Thursday, September 25, 2014

PyCrypto Experience

Let me start with a wow. PyCrypto is very nice.

Let me emphasize the add-ons that go with PyCrypto. These are as valuable as the package itself.

Here's the story. I was working with a Java-based AES encrypter that used the "PBKDF2WithHmacSHA1" key generator algorithm. This was part of a large, sophisticated web application framework that was awkward to unit test because we didn't have a handy client to encode traffic.

We could run a second web application server with some client-focused software on it. But that means tying up yet another developer laptop running a web server just to encode message traffic. Wouldn't it be nicer to have a little Python app that the testers could use to spew messages as needed?

Yes. It would be nice. But, that the heck is the PBKDF2WithHmacSHA1 algorithm?

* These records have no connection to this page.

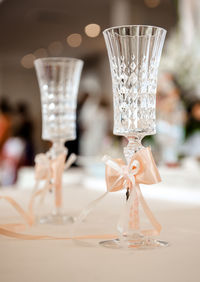 Close-up of ribbons tied to drinking glass on table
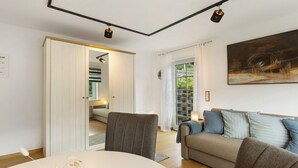 A modern living room with a sofa, a dining table, and a painting on the wall. - Holiday Apartment 'Schwalbennest' with Mountain View, Private Terrace and Wi-Fi (Lennestadt)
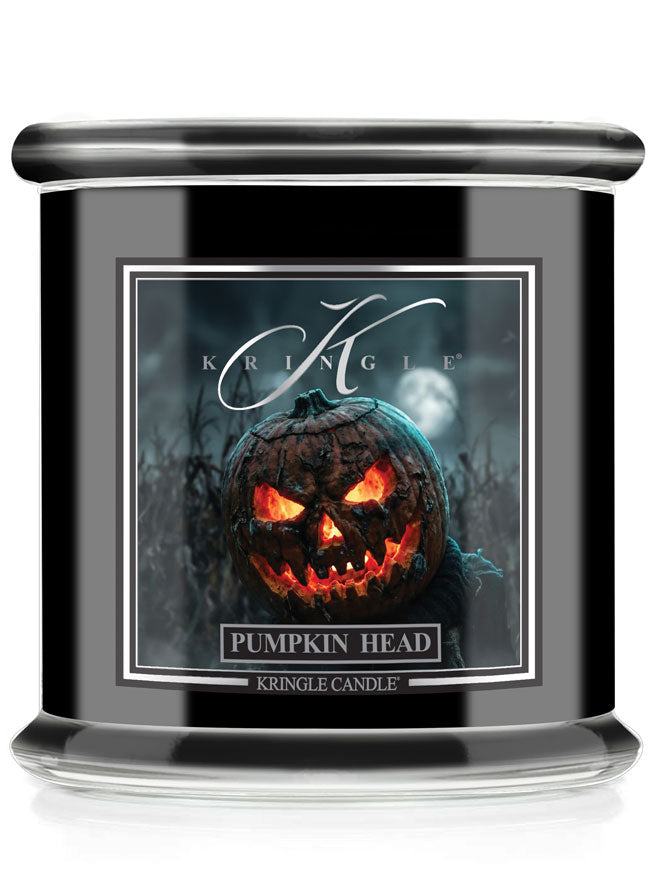 A Kringle Candle in a black glass jar featuring a Halloween-themed label that reads 'Pumpkin Head' with an illustration of a glowing jack-o'-lantern.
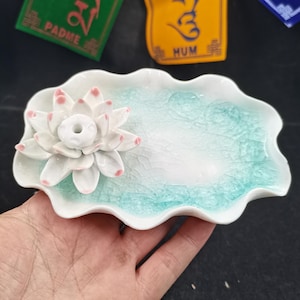 Puede incluir: Un porta incienso de flor de loto de cerámica blanca con un plato festoneado azul claro y blanco. La flor de loto tiene detalles en rosa en los pétalos. El plato tiene un acabado craquelado.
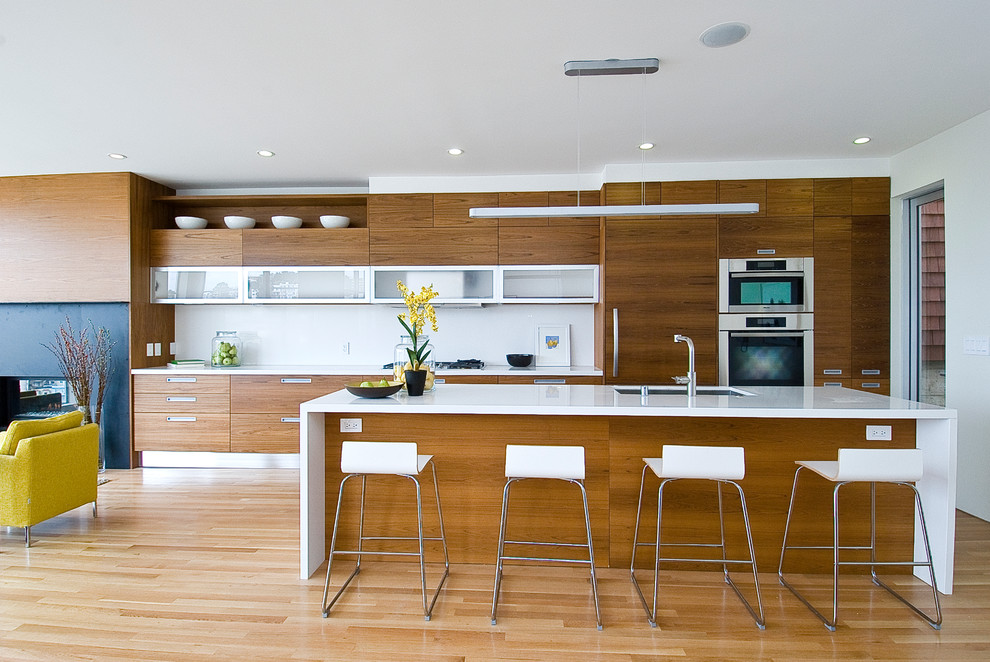 Mid-sized modern single-wall open plan kitchen in San Francisco with flat-panel cabinets, medium wood cabinets, white splashback, stainless steel appliances, a single-bowl sink, light hardwood floors and with island.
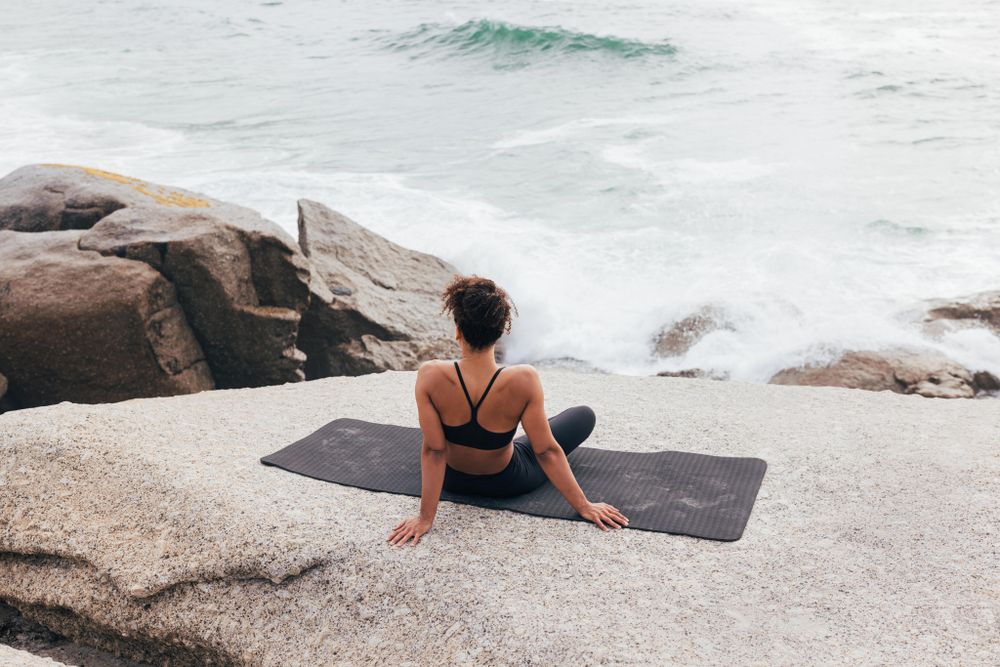 Female sitting next to the ocean sitting with legs crossed
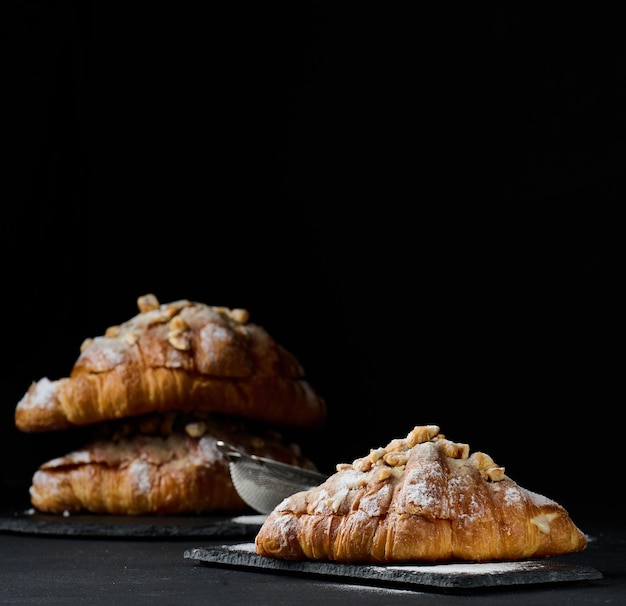 Baked croissants on a black wooden board sprinkled with powdered sugar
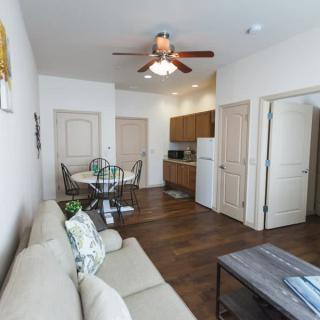 A cozy living area with a connected kitchen and dining space featuring a beige sofa, wooden furniture, and ceiling fan.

The JDK says this "Constructs secret keys using the Password-Based Key Derivation Function function found in PKCS #5 v2.0." One can do a lot of reading when working with well-designed crypto algorithms.

After some reading, I eventually wound up here: https://www.dlitz.net/software/python-pbkdf2/ Perfect. A trustable implementation of a fairly complex hash to create a proper private key from a passphrase. An add-on to PyCrypto that saved me from attempting to implement this algorithm myself.

The final script, then, was one line of code to invoke the pbkdf2 with the right passphrase, salt, and parameters to generate a key. Then another line of code to use PyCrypto's AES implementation to encrypt the actual plaintext using starting values and the generated key.

Yep.  Two lines of working code. Layer in the two imports, a print(), and a bit more folderol because the the character-set issues and URL form encoding. We're still not up to anything more than a tiny script with a command-line interface. "encrypt.py this" solved the problem.

At first we were a little upset that the key generation was so slow. Then I read some more and learned that slow key generation is a feature. It makes probing with a dictionary of alternative pass phrases very expensive.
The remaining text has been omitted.